> [WORK INSTRUCTIONS]:
Your copy should begin at the line containing "巴宝莉双面围巾❗好看的要疯掉了,太有型太有魅力了❗❗非常斯文时尚的秋冬单品!真的很喜欢,非常C ✨✨Burberry ·" and end at the last line of the records below, matching each line exactly and leaving out pictures.

Source records:
--------
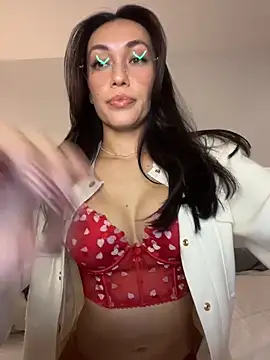 Snapshot of MichelleFerry_ chatting on 12/20/25, 05:47 MichelleFerry online show from 12/20/25, 05:47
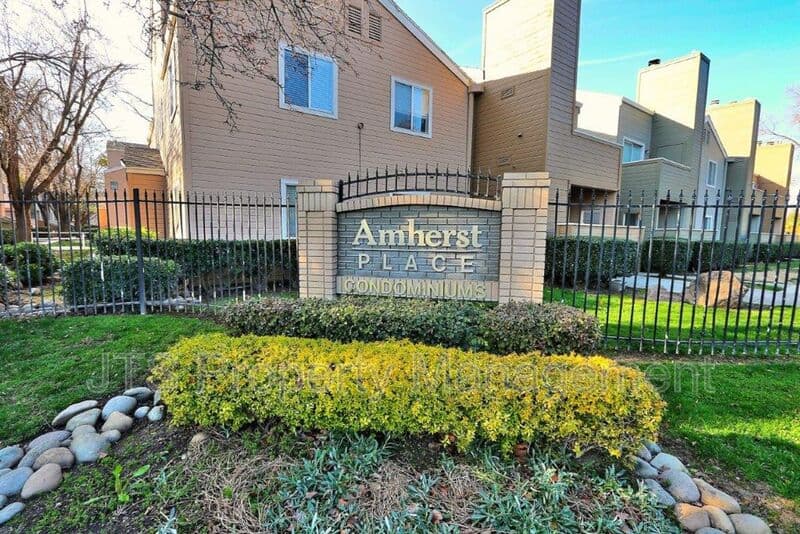 Sacramento Condo: 1019 Dornajo Way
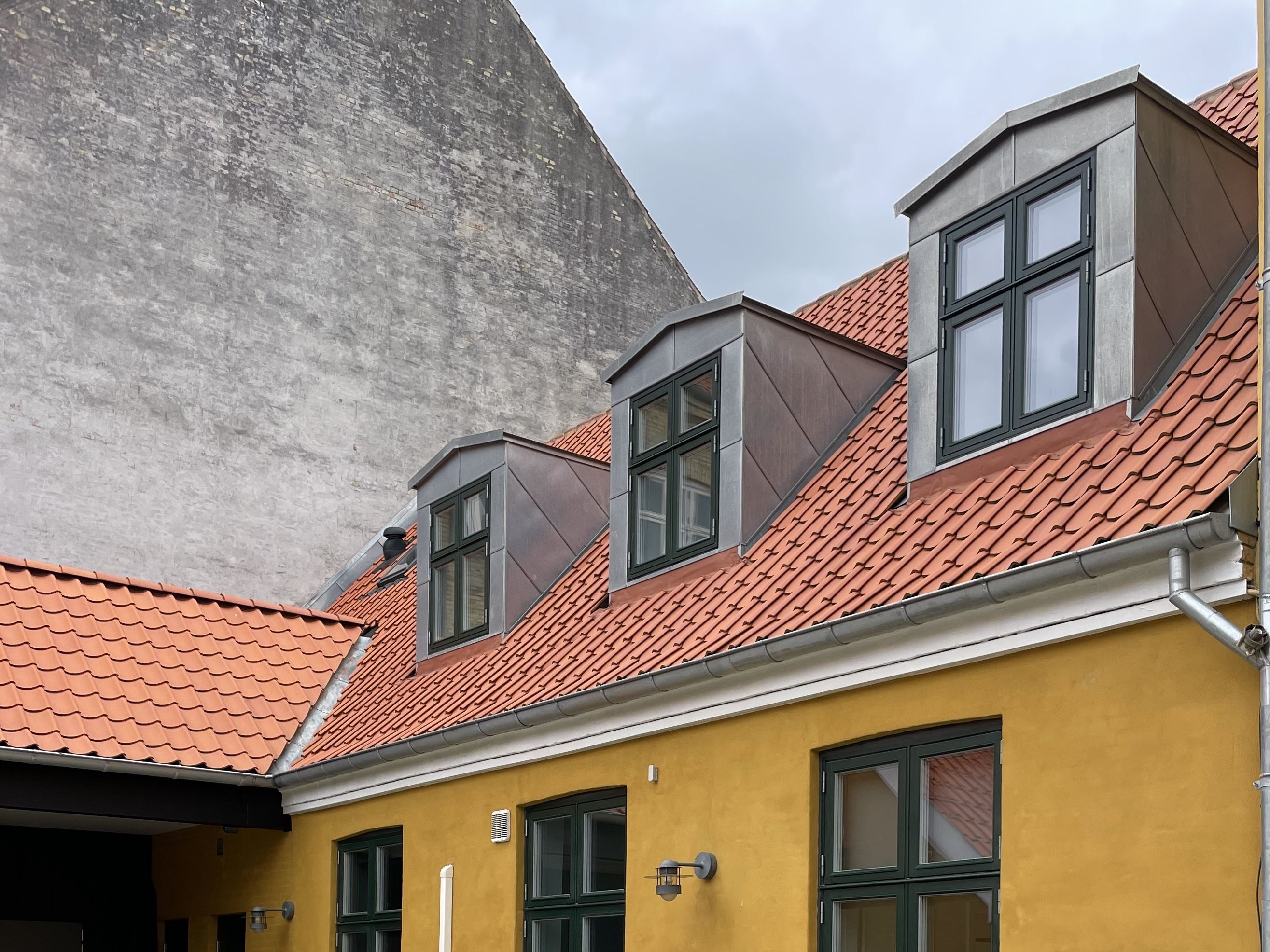 Skøn 1 sals taglejlighed, nyetableret i bevaringsværdig ejendom i bymidten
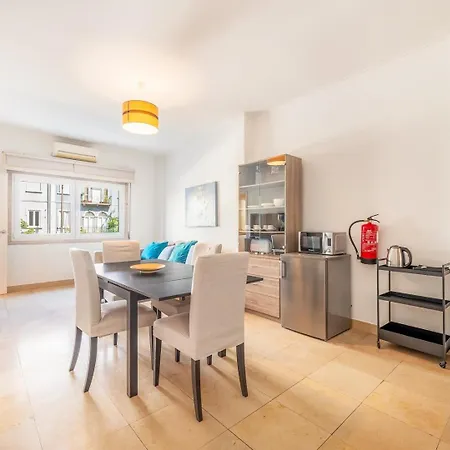 Guestrady - Almirante Reis *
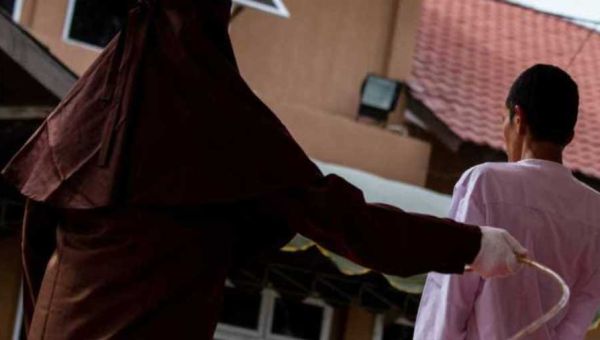deux-hommes-condamnes-a-une-flagellation-publique-pour-setre-embrasses-en-indonesie-f1d9a458 image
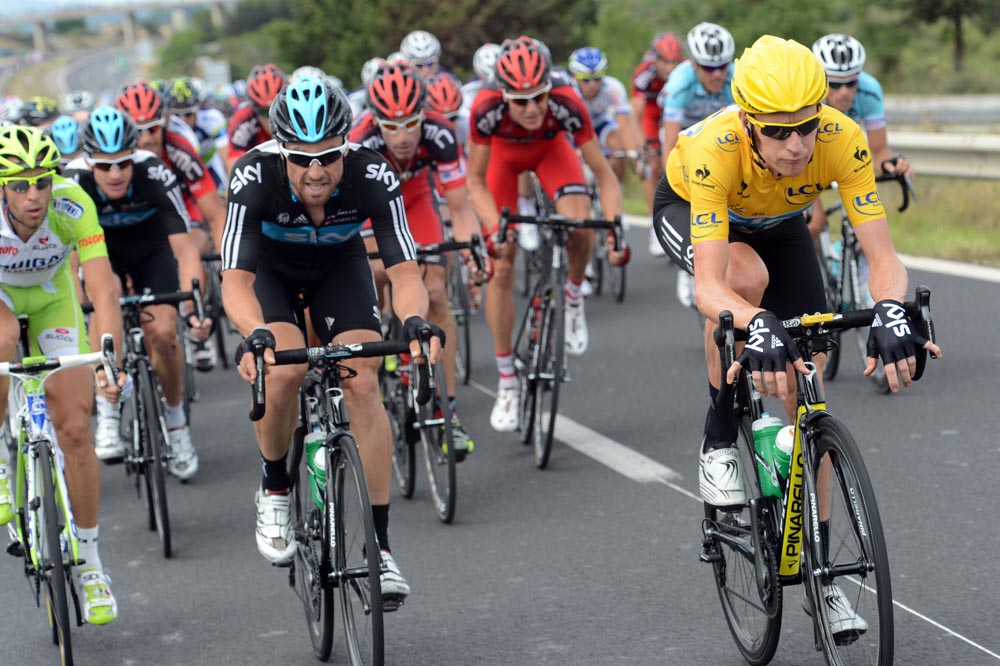 Bradley Wiggins in the wind, Tour de France 2012, stage 13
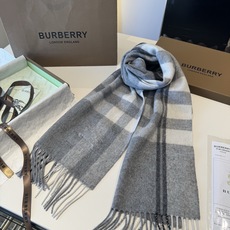 ✨✨Burberry · 巴宝莉双面围巾❗好看的要疯掉了,太有型太有魅力了❗❗非常斯文时尚的秋冬单品!真的很喜欢,非常C ✨✨Burberry · 巴宝莉双面围巾❗好看的要疯掉了,太有型太有魅力了❗❗非常斯文时尚的秋冬单品!真的很喜欢,非常C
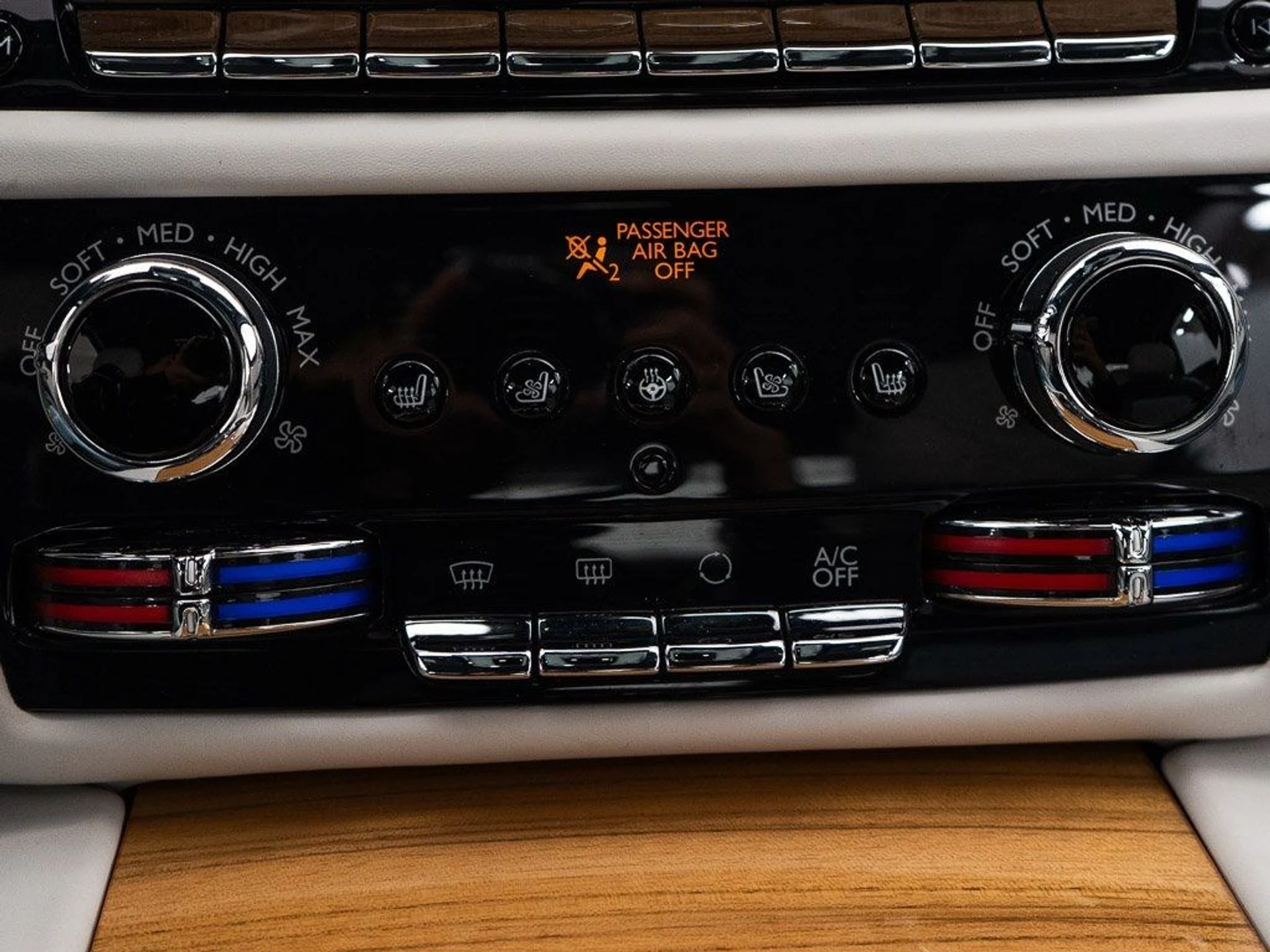 mph040_1119129696_cb78cf95ea5821d4b2596a300df6a2d1_f1436aaaf8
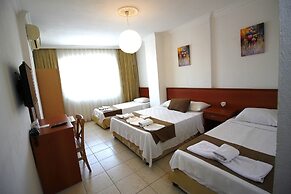 Bonapart Hotel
--------
> [ANSWER SECTION]:
 ✨✨Burberry · 巴宝莉双面围巾❗好看的要疯掉了,太有型太有魅力了❗❗非常斯文时尚的秋冬单品!真的很喜欢,非常C ✨✨Burberry · 巴宝莉双面围巾❗好看的要疯掉了,太有型太有魅力了❗❗非常斯文时尚的秋冬单品!真的很喜欢,非常C
 mph040_1119129696_cb78cf95ea5821d4b2596a300df6a2d1_f1436aaaf8
 Bonapart Hotel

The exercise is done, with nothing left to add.